[Data under study Boundary: Start]
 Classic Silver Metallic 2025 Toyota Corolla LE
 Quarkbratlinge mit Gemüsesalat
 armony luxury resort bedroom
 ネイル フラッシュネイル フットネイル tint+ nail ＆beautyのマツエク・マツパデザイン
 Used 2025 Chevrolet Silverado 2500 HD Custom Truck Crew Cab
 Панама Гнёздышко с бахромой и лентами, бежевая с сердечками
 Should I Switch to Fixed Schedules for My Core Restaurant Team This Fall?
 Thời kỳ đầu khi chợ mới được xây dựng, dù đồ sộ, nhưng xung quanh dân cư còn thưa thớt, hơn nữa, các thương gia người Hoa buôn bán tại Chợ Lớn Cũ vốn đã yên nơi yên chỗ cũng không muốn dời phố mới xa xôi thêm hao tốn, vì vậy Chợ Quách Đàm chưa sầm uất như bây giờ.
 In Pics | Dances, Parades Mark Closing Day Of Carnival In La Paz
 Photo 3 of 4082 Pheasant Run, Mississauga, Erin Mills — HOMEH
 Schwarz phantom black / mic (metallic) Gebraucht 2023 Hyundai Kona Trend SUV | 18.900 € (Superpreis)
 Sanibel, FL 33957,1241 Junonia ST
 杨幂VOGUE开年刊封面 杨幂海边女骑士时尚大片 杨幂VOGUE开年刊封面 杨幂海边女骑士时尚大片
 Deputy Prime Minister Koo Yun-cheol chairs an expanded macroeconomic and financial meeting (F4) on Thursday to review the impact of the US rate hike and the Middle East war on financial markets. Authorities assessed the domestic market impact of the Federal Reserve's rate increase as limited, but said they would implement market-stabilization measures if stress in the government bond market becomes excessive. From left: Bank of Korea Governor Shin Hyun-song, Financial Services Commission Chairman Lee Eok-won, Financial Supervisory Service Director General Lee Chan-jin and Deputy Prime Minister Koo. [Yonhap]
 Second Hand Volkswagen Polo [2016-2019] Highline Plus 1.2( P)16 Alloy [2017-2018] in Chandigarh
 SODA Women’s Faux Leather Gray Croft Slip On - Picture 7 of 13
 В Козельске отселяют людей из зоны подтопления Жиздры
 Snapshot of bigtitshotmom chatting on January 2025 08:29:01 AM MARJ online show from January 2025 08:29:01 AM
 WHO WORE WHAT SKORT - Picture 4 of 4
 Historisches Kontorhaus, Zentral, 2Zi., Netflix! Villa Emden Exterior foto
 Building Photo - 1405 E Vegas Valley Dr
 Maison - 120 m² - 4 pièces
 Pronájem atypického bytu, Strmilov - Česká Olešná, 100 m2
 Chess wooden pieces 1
[Data under study Boundary: End]
### [Your instructions]
Nothing but a number is wanted: how many lines in the records above include "Photo".

### [Final answer]
2